Assignment:
Type the data below again exactly. Omit all pictures.

Material supplied:
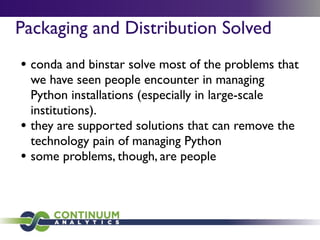 Packaging and Distribution Solved
• conda and binstar solve most of the problems that
we have seen people encounter in managing
Python installations (especially in large-scale
institutions).
• they are supported solutions that can remove the
technology pain of managing Python
• some problems, though, are people
 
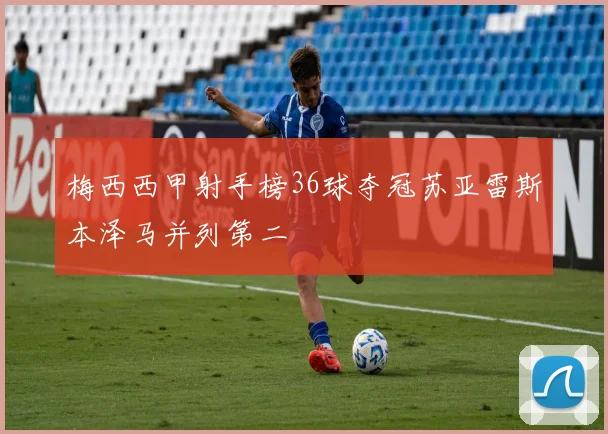 梅西西甲射手榜36球夺冠苏亚雷斯本泽马并列第二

Answer box:
 Packaging and Distribution Solved
• conda and binstar solve most of the problems that
we have seen people encounter in managing
Python installations (especially in large-scale
institutions).
• they are supported solutions that can remove the
technology pain of managing Python
• some problems, though, are people
 
 梅西西甲射手榜36球夺冠苏亚雷斯本泽马并列第二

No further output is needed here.